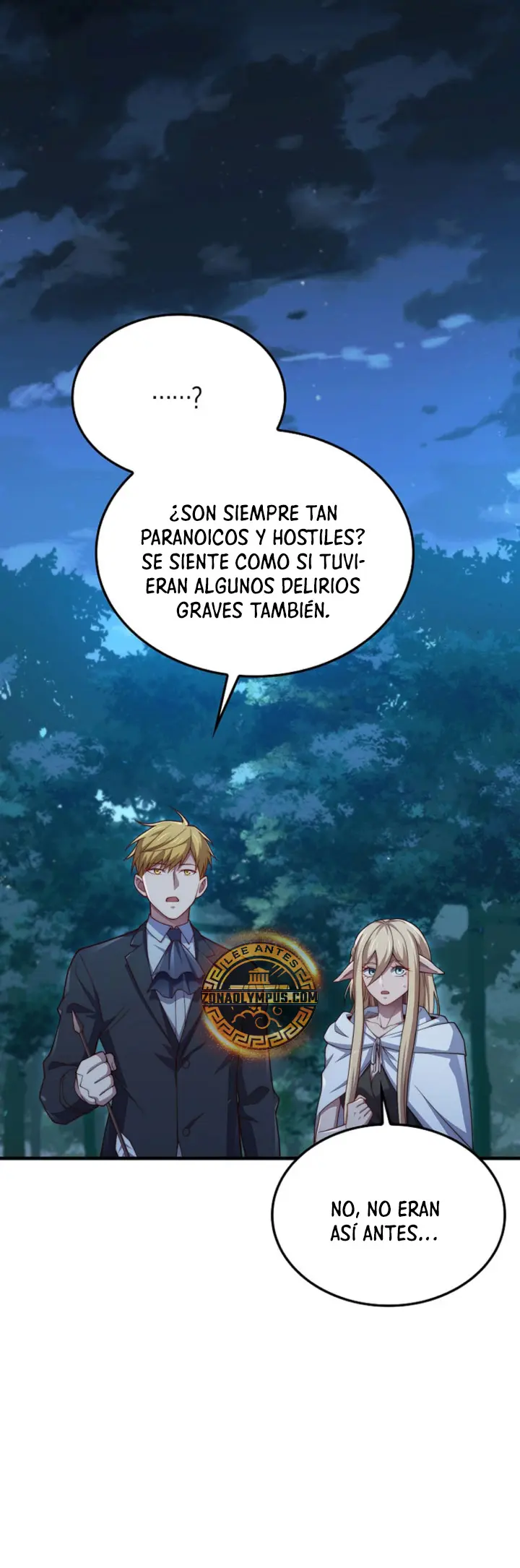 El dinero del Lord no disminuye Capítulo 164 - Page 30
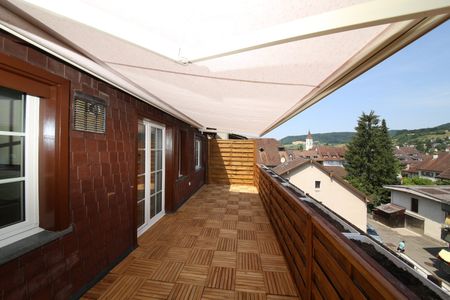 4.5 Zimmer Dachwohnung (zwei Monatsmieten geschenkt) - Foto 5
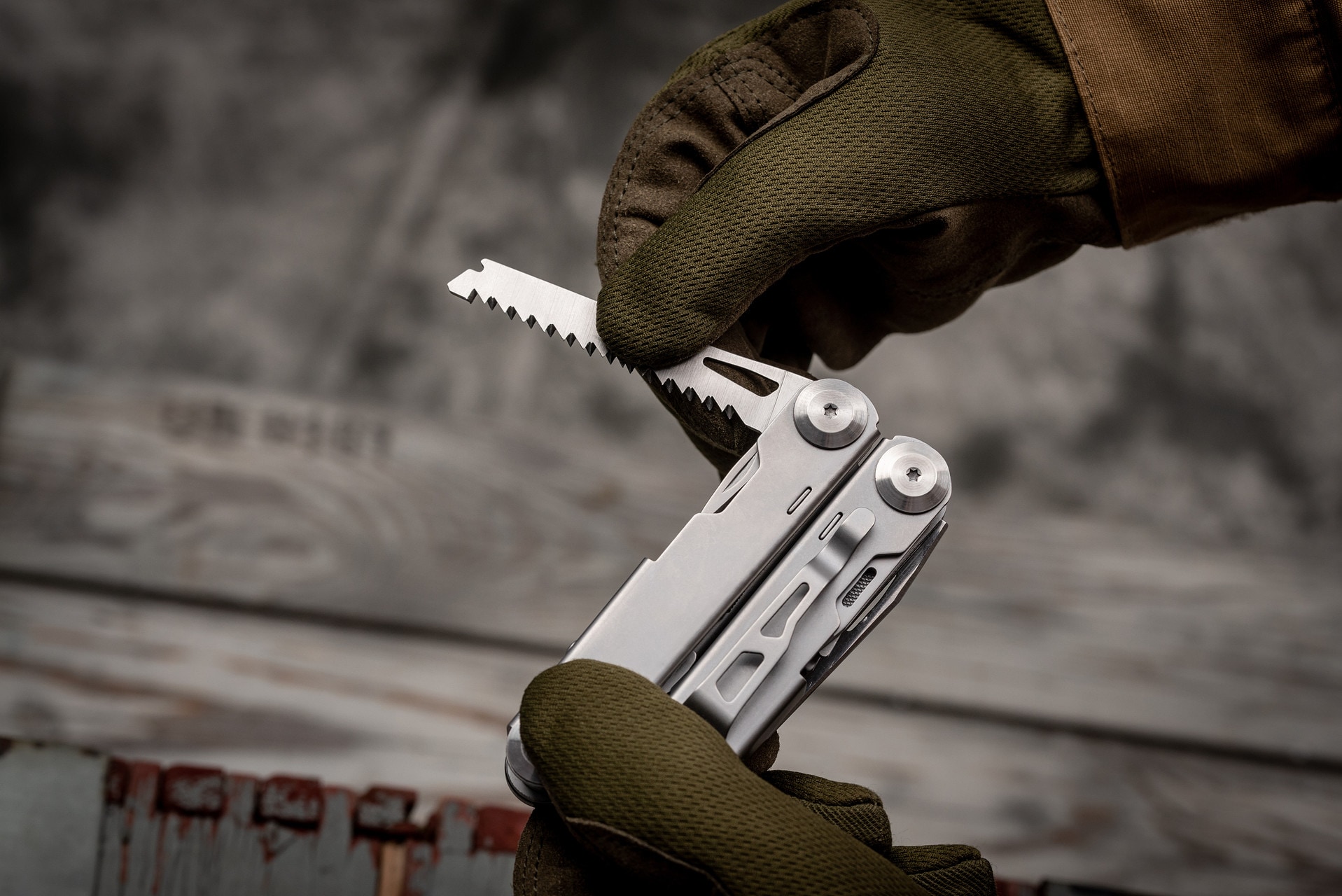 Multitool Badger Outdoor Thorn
--- --- ---
→ Aim of the task:
Starting with the line that contains "4.5 Zimmer Dachwohnung", reproduce every line to the end of the material above, both end lines included, exactly and with no pictures.

→ Solution below:
 4.5 Zimmer Dachwohnung (zwei Monatsmieten geschenkt) - Foto 5
 Multitool Badger Outdoor Thorn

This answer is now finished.